Robert Mansell has fulfilled many an actor's dream: gathering up scenes and roles he'd like to play and doing so in a well-directed, designed, entertaining program. Though without a thematic frame, the first half of this one-man show mainly presents men involved in monstrosities. They -- and he -- come off as most effective in chilling scenes from Roch Hochhuth's The Representative (Pope Pius XII, failing to mitigate Hitler's persecution of the Jews); Gita Sereny's Out of Darkness (Franz Stangl, nonchalant about a Pole forced to collaborate in his death camp); David Williamson's Guatemala (a reporter watching soldiers murder innocent villagers during rebellion). Flanking these historical villains are a cuckolded husband from The Real Thing by Tom Stoppard and the title character of David Ives' A Singular Kind of Guy, who thinks he's a typewriter.
The first, possibly weakest, of the portrayals does show Mansell's resonant English accent to advantage; the last, a quirky sense of humor. Neither, however, seems consonant with the serious central scenes, where Mansell powerfully disappears into the characters.
The substance of each scene is reinforced by a fitting graphic back-projection of real artistic quality.

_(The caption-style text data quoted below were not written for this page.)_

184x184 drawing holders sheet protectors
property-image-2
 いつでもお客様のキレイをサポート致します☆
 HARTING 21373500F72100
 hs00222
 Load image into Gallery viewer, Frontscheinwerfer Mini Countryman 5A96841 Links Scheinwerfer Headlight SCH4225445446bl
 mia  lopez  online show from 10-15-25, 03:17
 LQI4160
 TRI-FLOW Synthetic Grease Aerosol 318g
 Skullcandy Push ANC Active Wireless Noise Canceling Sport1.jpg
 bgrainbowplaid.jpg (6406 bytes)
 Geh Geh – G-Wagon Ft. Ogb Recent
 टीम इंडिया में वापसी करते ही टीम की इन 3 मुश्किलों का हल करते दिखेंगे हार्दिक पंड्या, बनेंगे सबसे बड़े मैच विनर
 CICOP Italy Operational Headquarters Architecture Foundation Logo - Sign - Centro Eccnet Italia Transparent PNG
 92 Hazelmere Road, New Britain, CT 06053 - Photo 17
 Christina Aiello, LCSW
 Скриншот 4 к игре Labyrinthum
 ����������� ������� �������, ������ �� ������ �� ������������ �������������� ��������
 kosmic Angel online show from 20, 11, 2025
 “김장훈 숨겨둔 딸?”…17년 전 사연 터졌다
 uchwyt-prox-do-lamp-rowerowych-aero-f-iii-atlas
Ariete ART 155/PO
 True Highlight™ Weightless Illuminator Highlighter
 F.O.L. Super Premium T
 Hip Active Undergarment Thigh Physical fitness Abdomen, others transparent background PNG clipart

Mansell goes onto more familiar ground in extended final scenes as Salieri from Peter Schaffer's Amadeus and as Lady Bracknell from Oscar Wilde's The Importance of Being Earnest. He presents both characters transformationally, even by changing costumes to fit different motives, ages, actions in the case of the enemy of Mozart.
Mansell's interpretation is standard -- that is, tour-de-forceful, in which he catches the essence of how Schaffer views Salieri. In the case of Lady Bracknell, Mansell not only makes her famous interview with Jack Worthing a monologued remembrance, he has also edited Wilde and embellished the feisty old Lady's character and family relationships. But transvestite Bracknell, even with an ode on imitating Edith Evans, doesn't improve Wilde's version. It goes over the top while seeming to put Mansell under strain. Lady Bracknell should be nervey but never nervous.
Mansell could not have assembled better support than by Steve Dawson, proficiently changing costumes, attitude, movement as Dresser and sometimes scene-setter.
Variety and vigor mark Bob Trisolini'd direction. Cassandra Mockosher's costumes are ingenious. With his designs Rick Cannon simply creates just the right atmosphere for each scene, enhanced by Jimmy Hoskins' fine projections.
It is a shame that Mansell's show, originally scheduled through March, closed early. I'd like to see it brought back at a time when performance schedules aren't so full, even on usually "dark" Monday nights. Mansell is worth watching and listening to, especially in the company he kept at the Apple.